### WORK TO BE COMPLETED
Would you transcribe each entry precisely as it stands, setting aside any images?

Start of RECORDS SUPPLIED

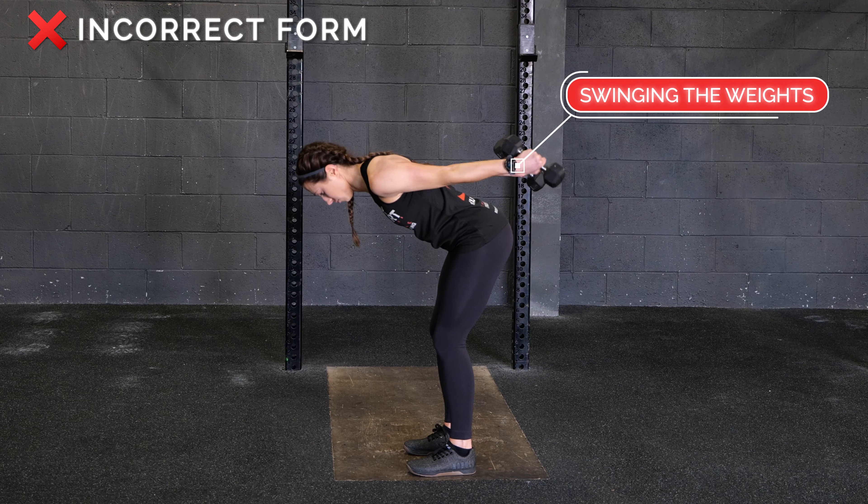Avoid rounding your back throughout this exercise. Avoid swinging the weight up.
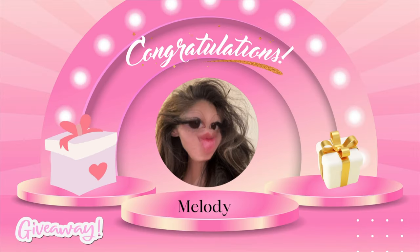A huge thank you to Melody for being our first giveaway winner — congratulations! Thank you so much for subscribing to my channel. Don't forget to subscribe to my channel for your chance to win the next one.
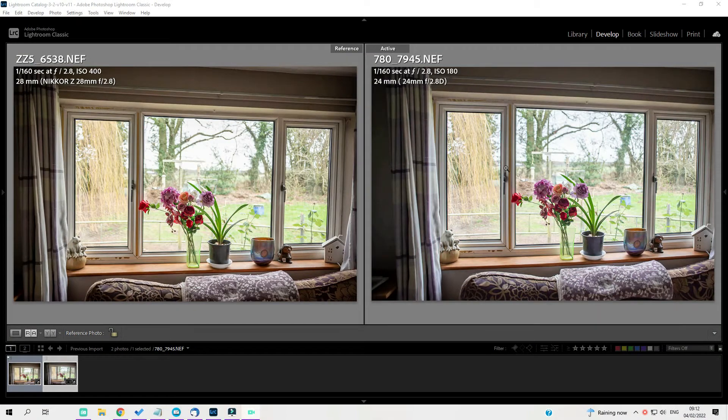Welcome to Lightroom. The shot from the D780 with the 24mm f/2.8 D lens is on the left, and the Z5 with the 28mm f/2.8 Z mount lens is on the right. I've adjusted both images to match as closely as possible for exposure, shadows, and so on, and I think you'll agree they look pretty similar at first glance. Let's do a pixel peep.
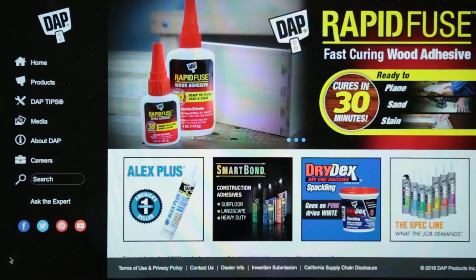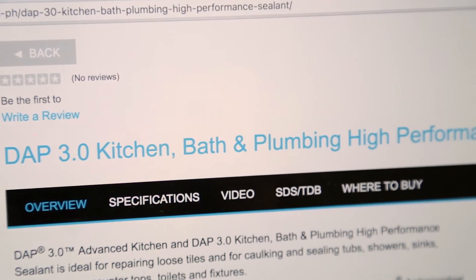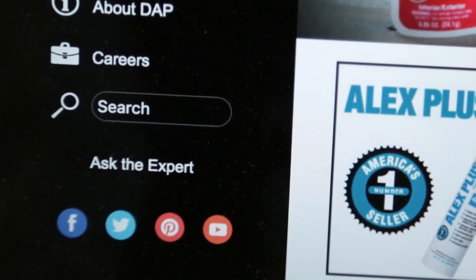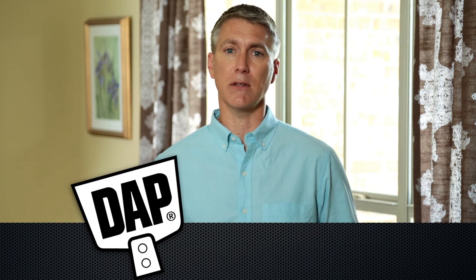To obtain a copy of the safety data sheet and a technical data bulletin for a specific product, log on to DAP.com, find the specific product, and click on the informational tabs. For more information on DAP products, contact us by email through asktheexpert on DAP.com or give us a call at 888-327-8477.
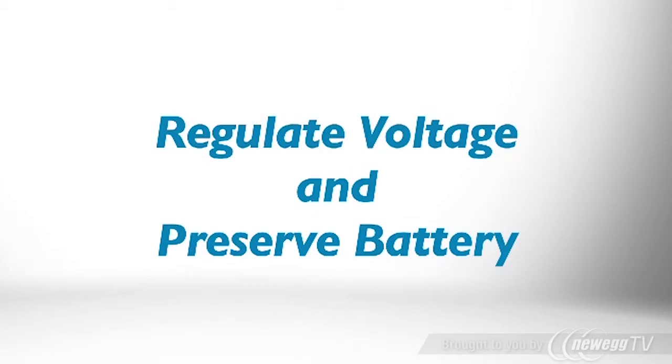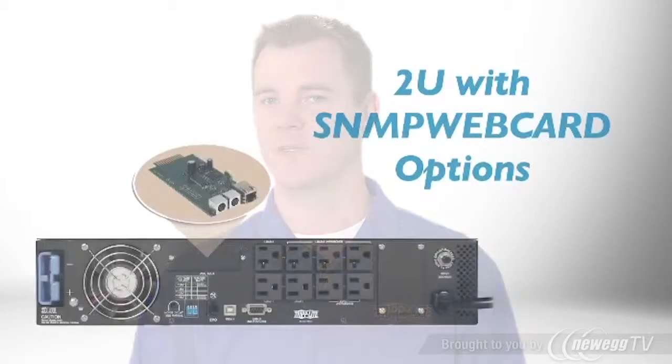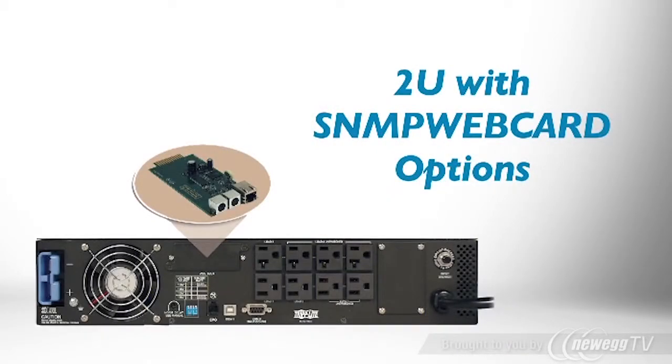The UPS only requires 2U of rack space and it's easy to service with hot-swappable batteries. It also supports Tripp Lite's optional SNMP webcard to manage power and reboot outlets over the network.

End of RECORDS SUPPLIED

### EXERCISE RESPONSE
Avoid rounding your back throughout this exercise. Avoid swinging the weight up.
A huge thank you to Melody for being our first giveaway winner — congratulations! Thank you so much for subscribing to my channel. Don't forget to subscribe to my channel for your chance to win the next one.
Welcome to Lightroom. The shot from the D780 with the 24mm f/2.8 D lens is on the left, and the Z5 with the 28mm f/2.8 Z mount lens is on the right. I've adjusted both images to match as closely as possible for exposure, shadows, and so on, and I think you'll agree they look pretty similar at first glance. Let's do a pixel peep.
To obtain a copy of the safety data sheet and a technical data bulletin for a specific product, log on to DAP.com, find the specific product, and click on the informational tabs. For more information on DAP products, contact us by email through asktheexpert on DAP.com or give us a call at 888-327-8477.
The UPS only requires 2U of rack space and it's easy to service with hot-swappable batteries. It also supports Tripp Lite's optional SNMP webcard to manage power and reboot outlets over the network.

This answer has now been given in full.